Billed As The Fastest Guitar Player On Earth
In the summer of '69 I got a decent paying job in an electronic factory after I graduated from high school to save money for college that fall. I was a know nothing jock who liked to hang out at Jones Beach and listen to AM top 40 radio and drink beer.
So when a co worker told me he was going upstate to this music festival and showed me the list of groups that would be playing, I hardly recognized any of them. I had Woodstock tickets in my hand but the thought didn't even cross my mind to go up there with him, if that's how I remember it correctly. The rest is history and I look back on it now, thinking what it might have been like to experience the event, even just to brag that I was there. Psychedelics caught up with me some months later in my dorm room, however.
I did make it to a couple of other huge rock festivals of the era. There was a cancelled event that was going to be held at the Powder Ridge ski slope in Connecticut in 1970, but tens of thousands of people went anyway and partied for days. (Somewhere out there is a picture of a long hair sitting by a tent selling drugs, taken by a professional photographer who had to assure the long haired individual that he wasn't a cop, and I intend to find that photo) One was held at the Mosport Race Track outside Toronto in 1970. A far bigger one that actually had more people than Woodstock was a one day show in 1973 at Watkins Glen in the Finger Lakes Region, central NY:
"Many historians claimed that the Watkins Glen even was the largest gathering of people in the history of the United States. In essence, that meant that on July 28, one out of every 350 people living in America at the time was listening to the sounds of rock at the New York state racetrack. Considering that most of those who attended the even hailed from the Northeast, and that the average age of those present was approximately seventeen to twenty-four, close to one out of every three young people from Boston to New York was at the festival."

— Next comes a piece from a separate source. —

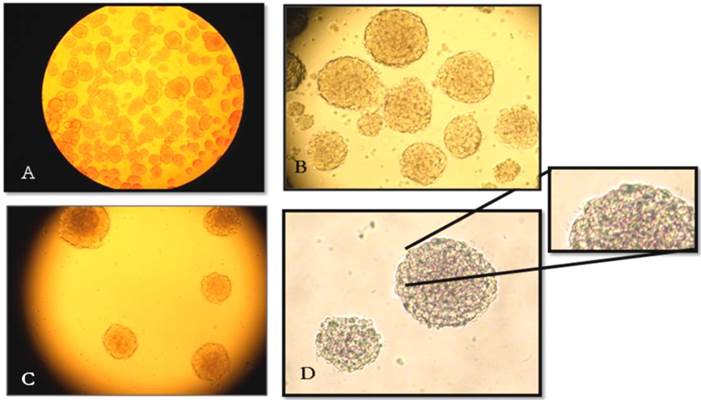 Int J Med Sci Image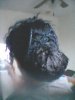 IMG_20130203_105545.jpg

The stuff at this link really hits it on the head. That event was mostly an anachronism because by that time the era of gigantic festivals had run it's brief course. Music that day actually became tedious. Three mega groups played in this order for hours each with lots and lots of long, extended jams - The Grateful Dead, The Band and the Allman Brothers. Weather that day started out pretty nice and the mood was light but by the afternoon people were tired from the heat and getting surly, totally soaked from a storm that passed through. By evening most people tended to their own affairs but music was still being played up until midnight or so.
An aside - I had hitched there from my college town with all my backpacking gear and set up camp maybe a 1/4 mile away from the stage. The crowd was so huge that even at that distance there was a crush of people all around. I made the mistake of spending too much time partying down near the music and by the time I got back to where my tent was, some dirty hippies had stolen all my gear. At least I was there.